# Question - help



## kakius (May 31, 2007)

My friend just bought new gun, and already have a qustion, maybe you can help?

_Just purchased a S&W 44 mag buled with 3 1/2 inch barel model 27-2? all 27-2's ive located are 357. Mine is definately 44mag why is this. I checked and double checked and it is definately stamped 27-2 S# N479388 everyone i ask say it should be a 29-2_

Waiting for your thoughts...


----------



## Baldy (Jun 21, 2006)

It should be marked 29-2 for sure if its a .44mag. You may have got a light stamp on the frame or it my be a mismarked gun which does happen. All 27s were .357s and 29s were .44mags. Good luck.


----------



## Bob Wright (May 10, 2006)

A photo would help. Sounds like a Model 27 has been converted to .44 Magnum. Though why anyone would do this is a mystery.
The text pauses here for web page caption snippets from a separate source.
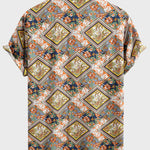 Floral Border Print Button Up Shirt
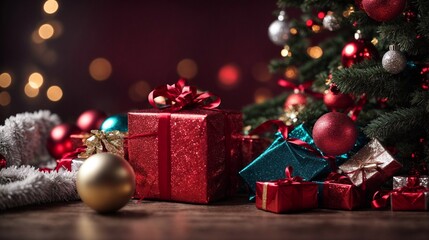 Christmas Magic: A beautifully decorated Christmas tree stands tall, adorned with twinkling lights and shimmering ornaments. A collection of wrapped gifts, each tied with a festive bow, lie scattered 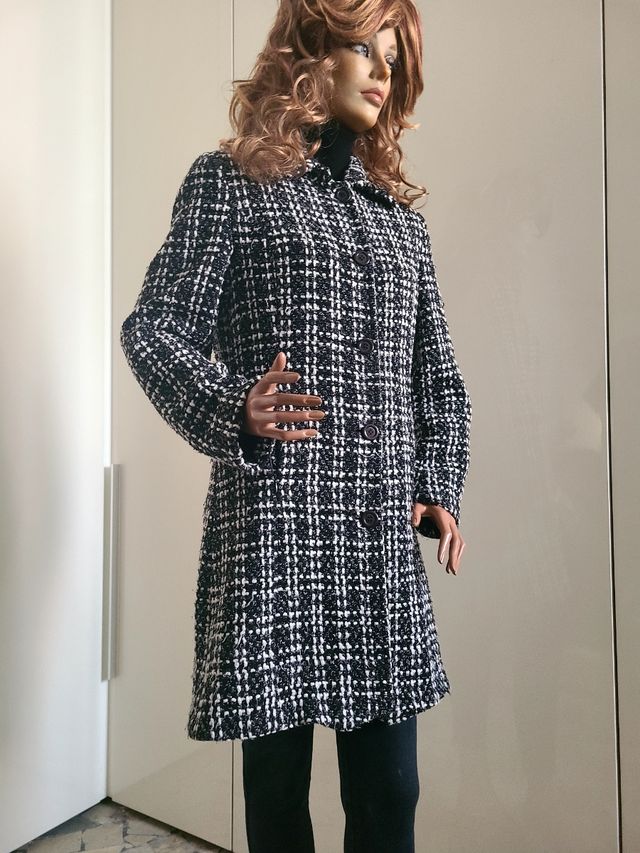 Cappotto Tartan bianco e nero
Converting revolvers from one caliber to another is not hard, especially if both calibers were production guns. Barrels and cylinders usually swap with comparative ease.

Case in point now are the old .38-44 Heavy Duty and .38-44 Outdoorsman Models being converted to .44 Special or .45 Colt. The same for the Model 28 Highway Patrolman. Sometimes its just a matter of swapping parts, some 'smiths rechamber and re-bore.

It just a matter of want-to and afford-to.

Bob Wright


----------